▶ [Supplied records]
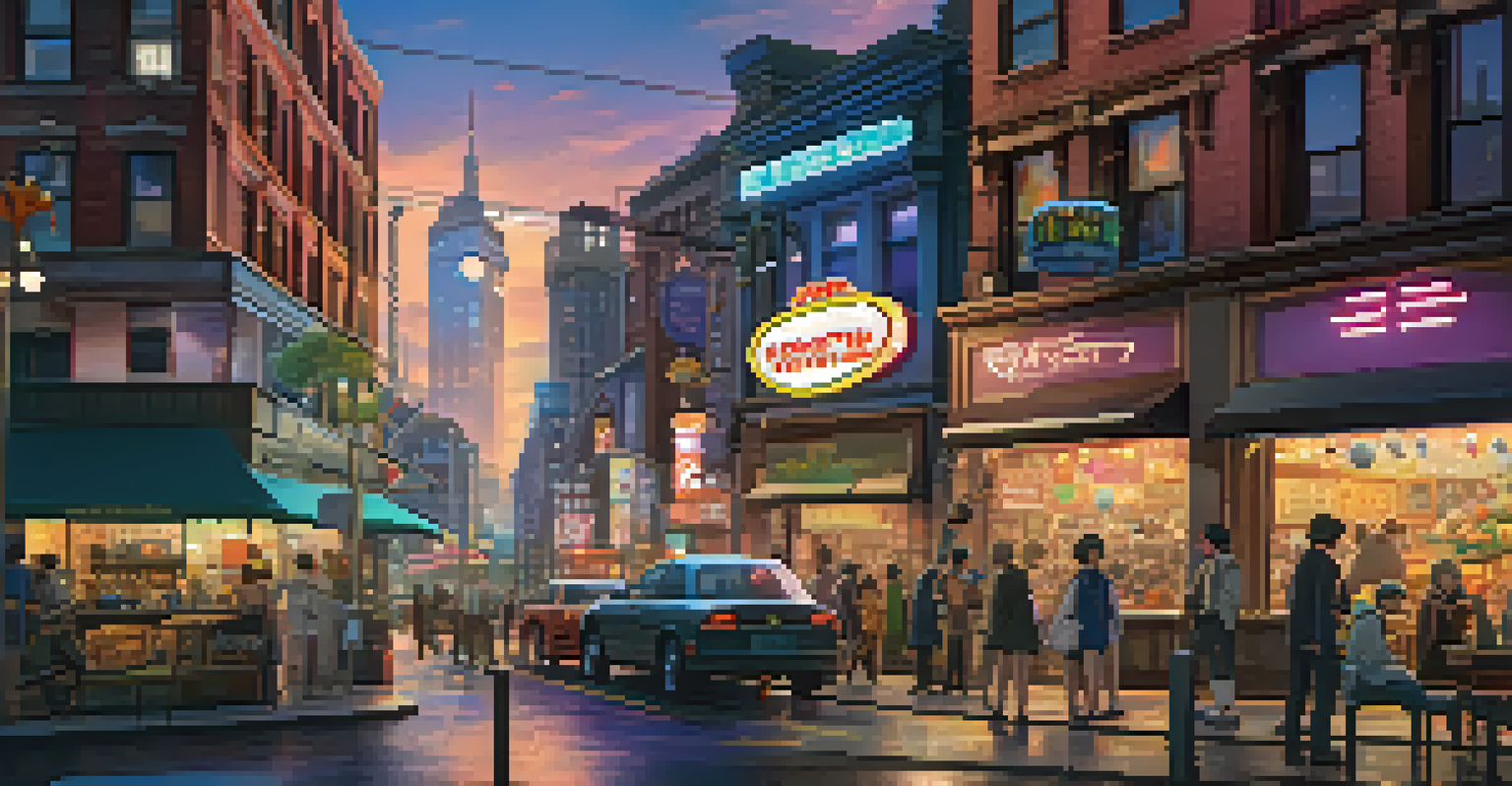 A lively city street with Pokémon characters and humans interacting, illuminated by neon signs and colorful buildings.
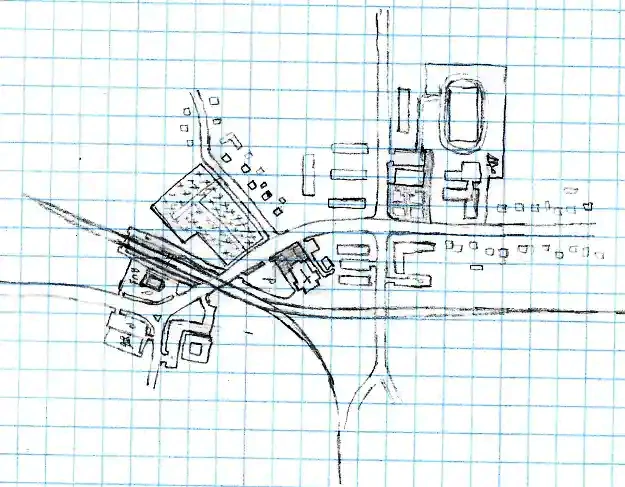 Tiny village with train station Map (fictional)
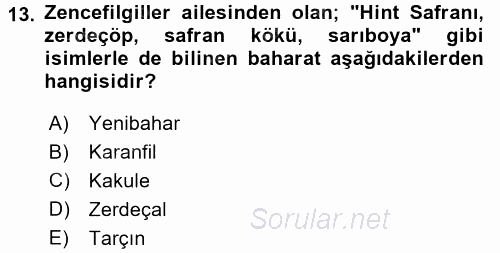 Gıda Coğrafyası 2017 - 2018 Dönem Sonu Sınavı 13.Soru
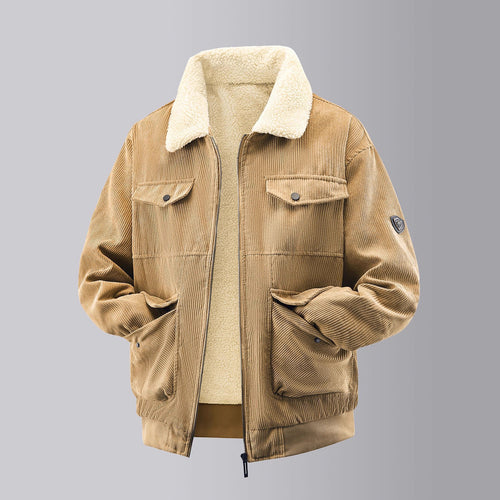 Herren kuschelige Teddy-Fleecejacke mit praktischen Brusttaschen und elastischen Bündchen Echoarchiv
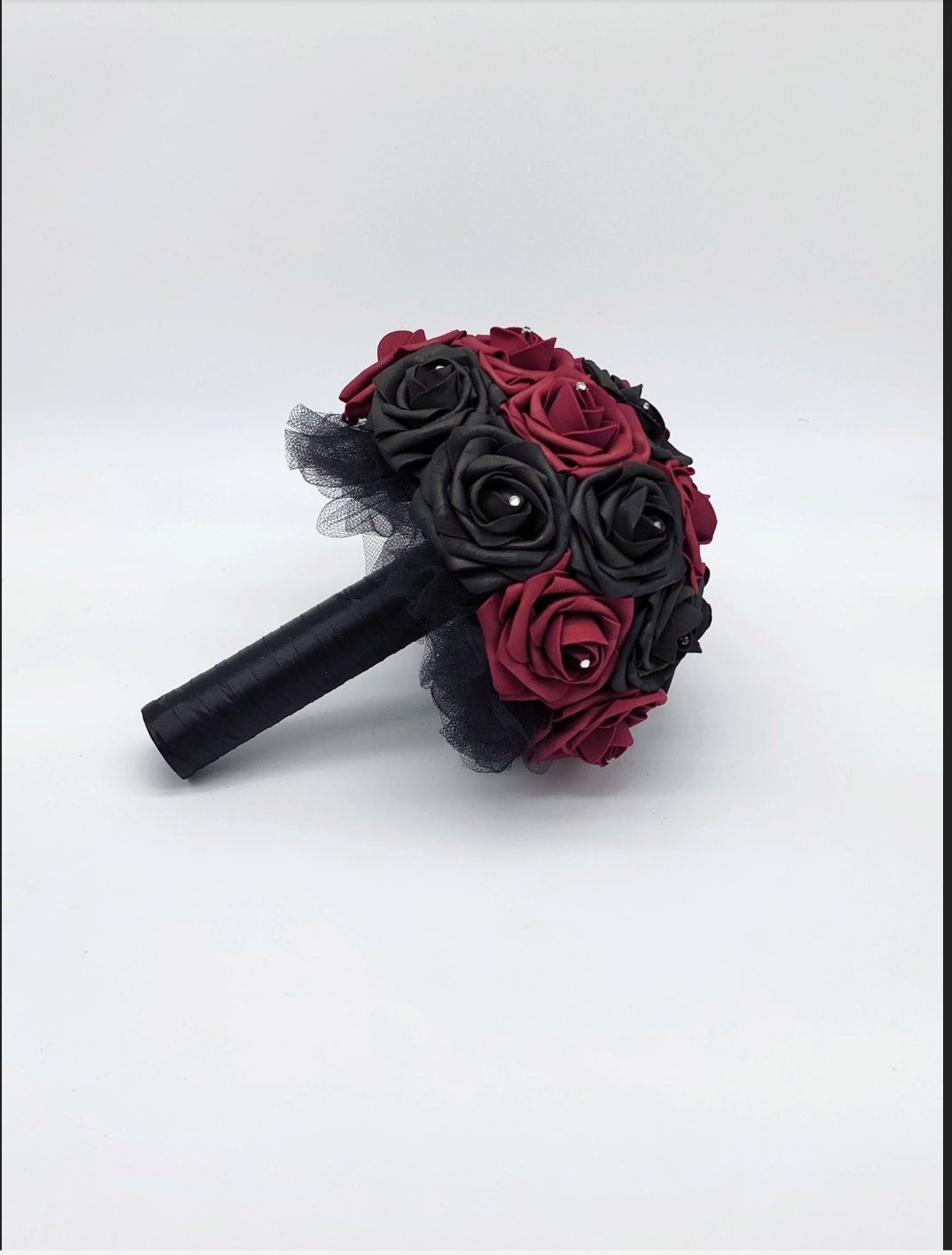 Gothic Burgundy and Black Wedding Bouquet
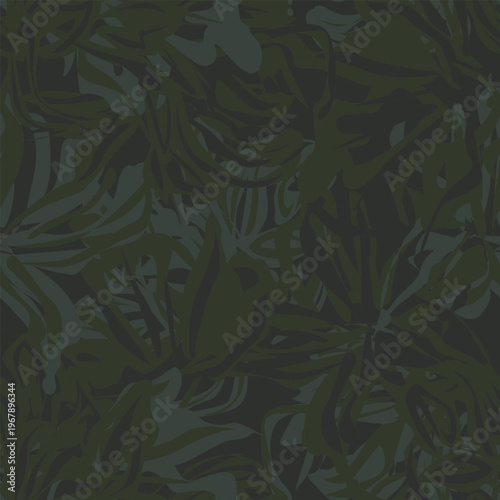 Dark Green Tropical Foliage Pattern Fashion Textile Design Homeware Decor Repeat Print Botanical Wallpaper Forest Green Olive Green Abstract Leaves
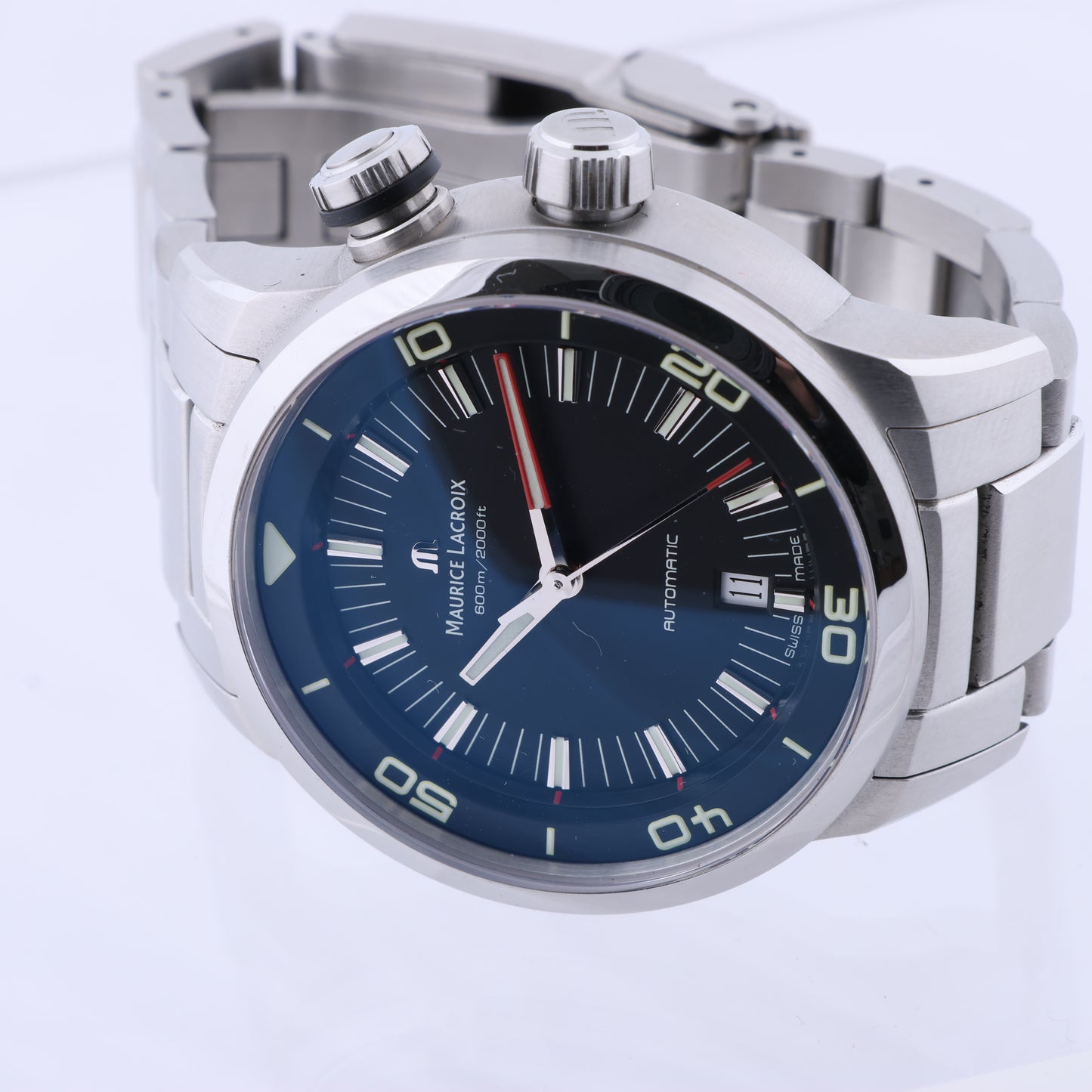 Maurice Lacroix Pontos AU07707 SS AT Uhr mit schwarzem Zifferblatt PT6248-SS002L-330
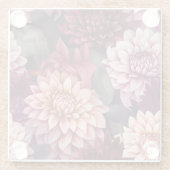 水彩赤ピンクダリアパターンデザイン ガラスコースター (裏面)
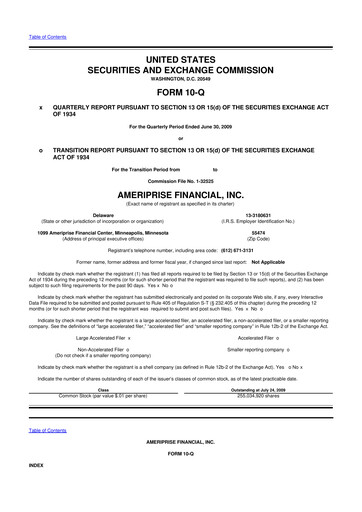 Thumbnail Ameriprise Financial
 10-Q Quarterly Report FY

▶ [What is needed]
Give again the stretch of the entries above that begins at the line with "Herren kuschelige Teddy-Fleecejacke" and ends at the line with "Dark Green Tropical", word for word, with no pictures.

▶ [Output]
 Herren kuschelige Teddy-Fleecejacke mit praktischen Brusttaschen und elastischen Bündchen Echoarchiv
 Gothic Burgundy and Black Wedding Bouquet
 Dark Green Tropical Foliage Pattern Fashion Textile Design Homeware Decor Repeat Print Botanical Wallpaper Forest Green Olive Green Abstract Leaves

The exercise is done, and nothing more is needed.